Start of Data shown

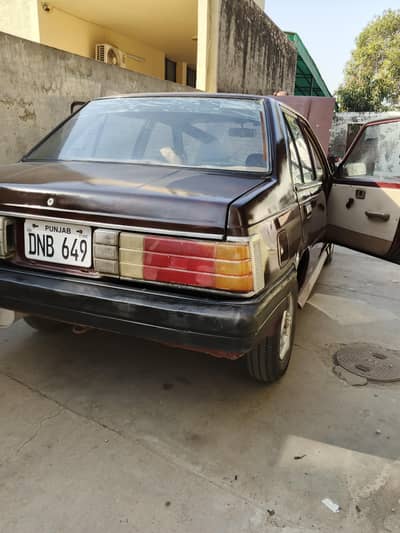 Nissan sunny 84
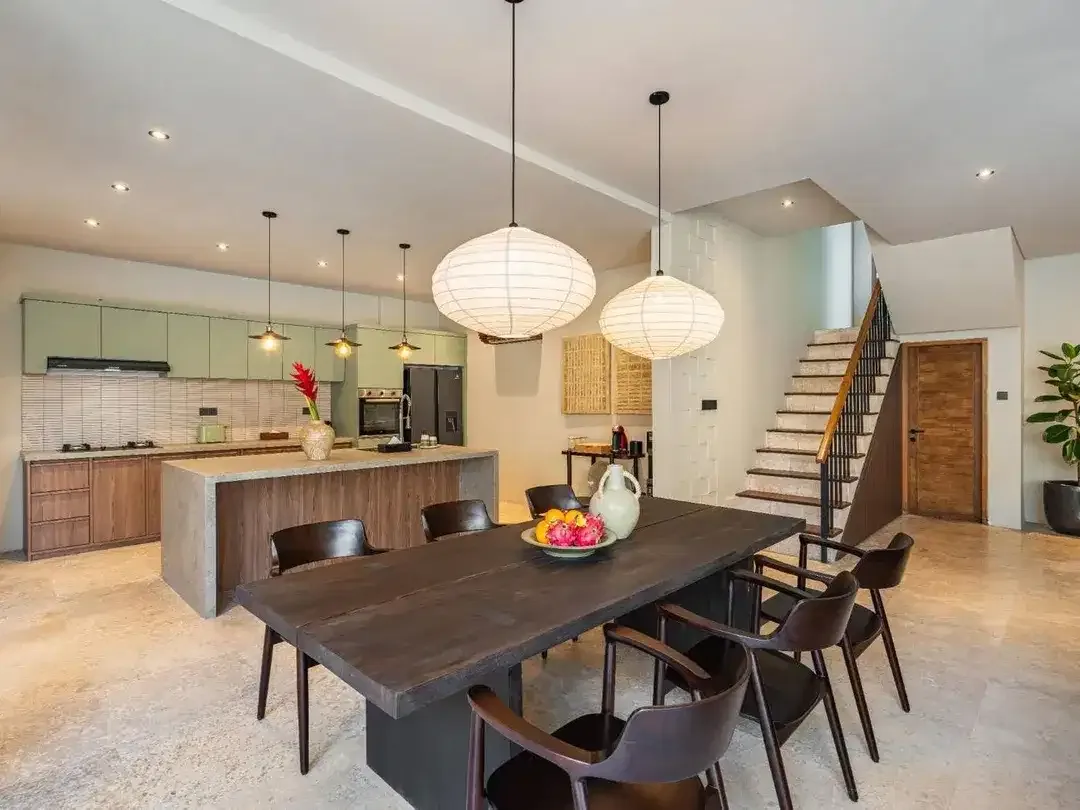 Di Sewakan / di Jual Villa 3 Bedroom - Lokasi Umalas Bumbak - Bali - Image 2 of 10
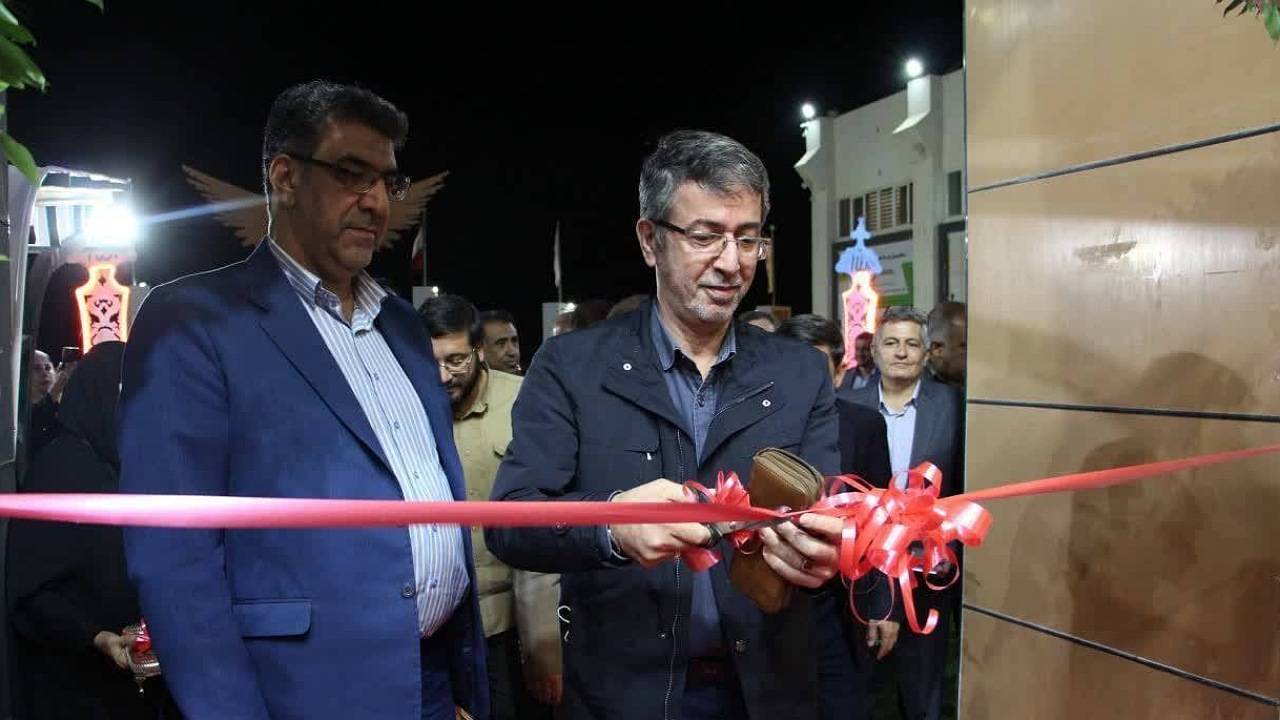 گشایش دومین نمایشگاه خدمات شهری و گل و گیاه در کرمان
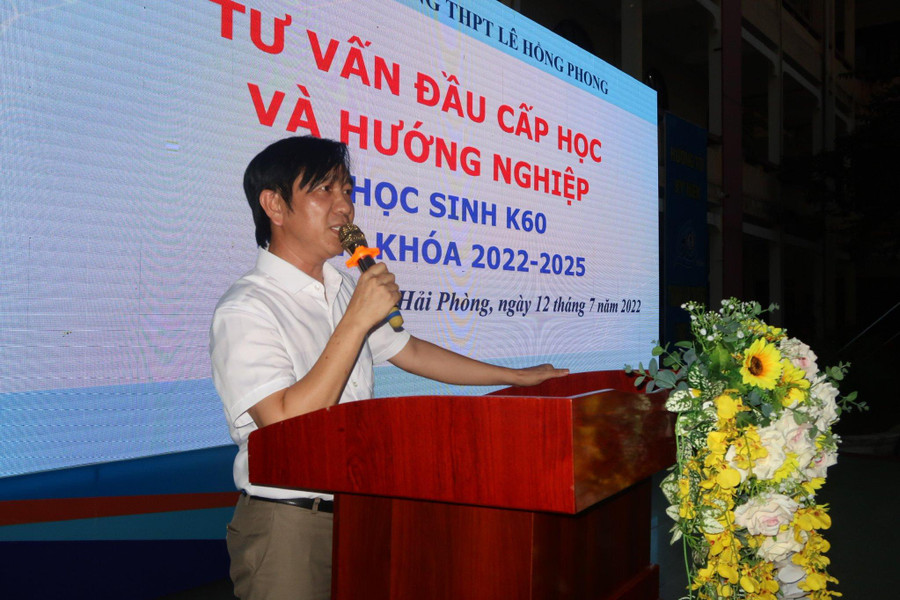 Thầy Đinh Hồng Tiệp - Hiệu trưởng Trường THPT Lê Hồng Phong. Thầy Đinh Hồng Tiệp - Hiệu trưởng Trường THPT Lê Hồng Phong.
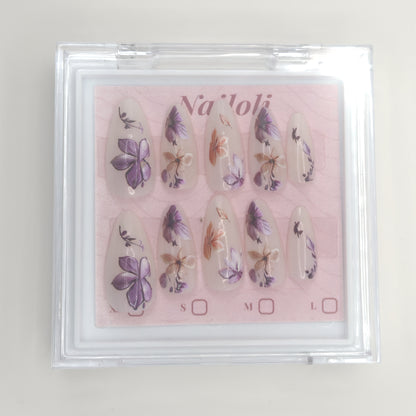 Stiletto floral set inside the closed clear Nailoli case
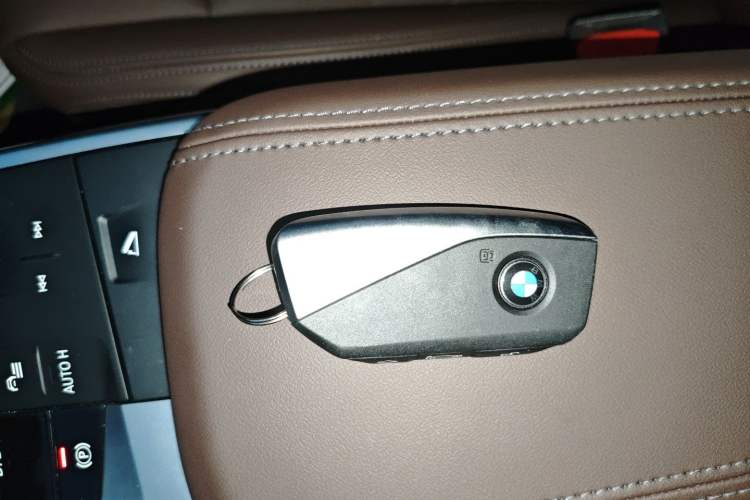 Used BMW iX1 2023 eDrive25L X Design Package
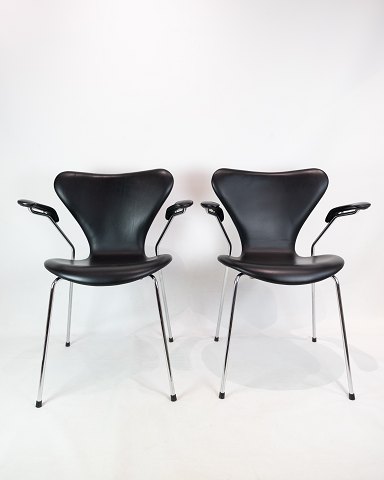 Seven chair with armrests - Model 3207 - Black Leather - Arne Jacobsen & Fritz 
Hansen
Great condition
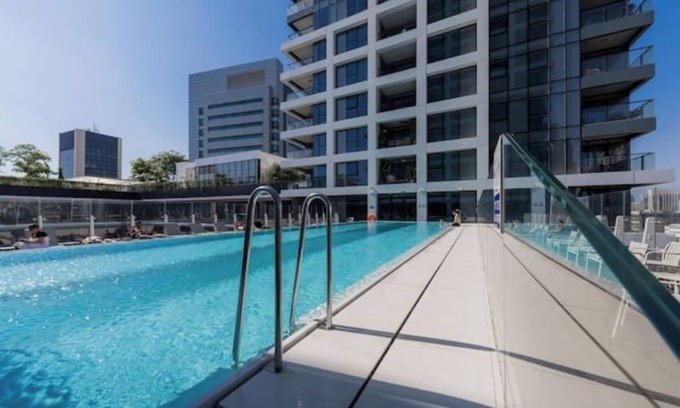 Tel Aviv Apartment | Luxurious Apartment in Tel Aviv. Terrace and Pool Cnn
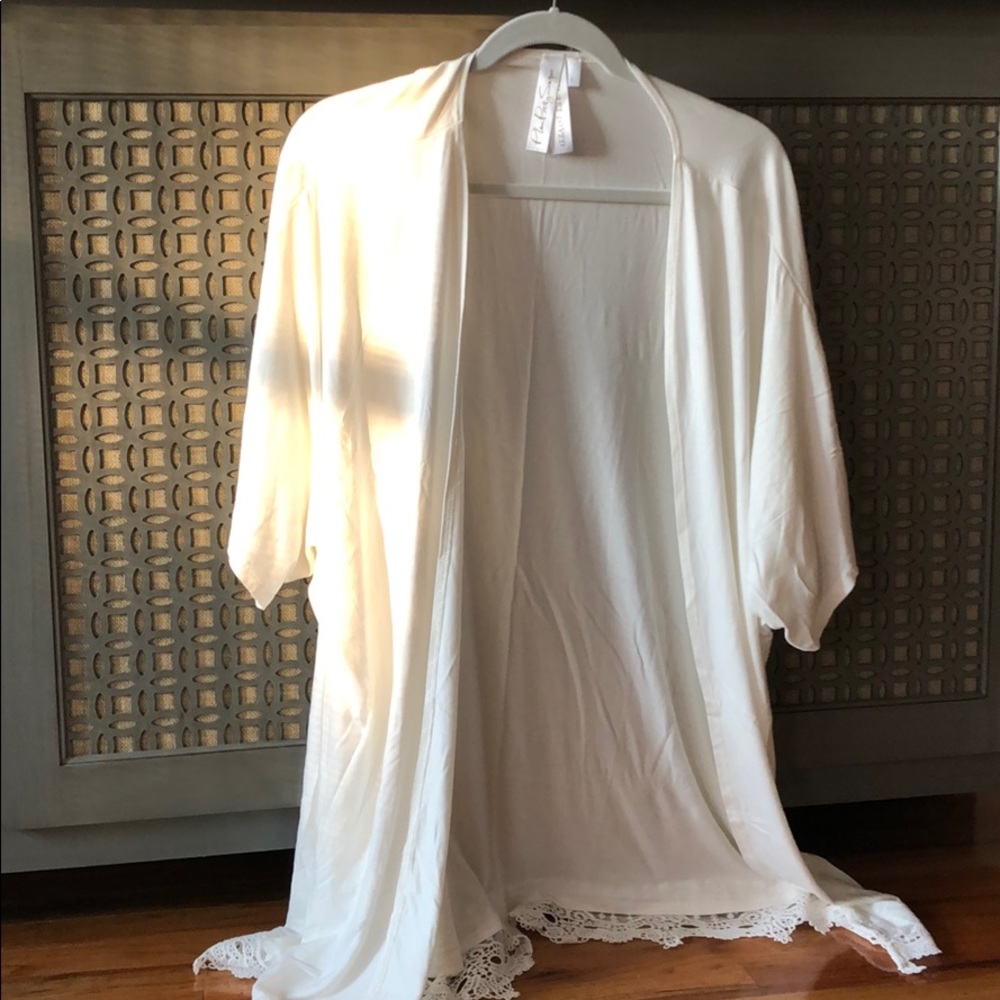 White Plum Pretty Sugar robe with tie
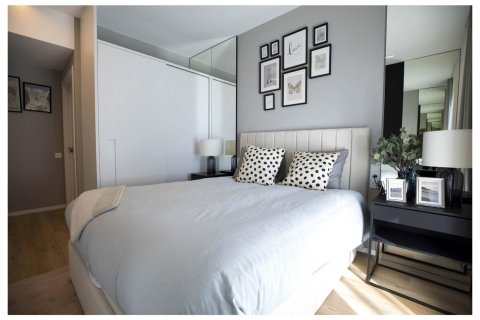Apartamento de 3 dormitorios en venta en Esplugues de Llobregat, Barcelona, Cataluña, Spain № 1077 - foto 9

End of Data shown

§ Task brief
I would like an exact copy of the lines from the one holding "Seven chair with" through the last line of the entries above, with the pictures left out.

§ Task result
 Seven chair with armrests - Model 3207 - Black Leather - Arne Jacobsen & Fritz 
Hansen
Great condition
 Tel Aviv Apartment | Luxurious Apartment in Tel Aviv. Terrace and Pool Cnn
 White Plum Pretty Sugar robe with tie
Apartamento de 3 dormitorios en venta en Esplugues de Llobregat, Barcelona, Cataluña, Spain № 1077 - foto 9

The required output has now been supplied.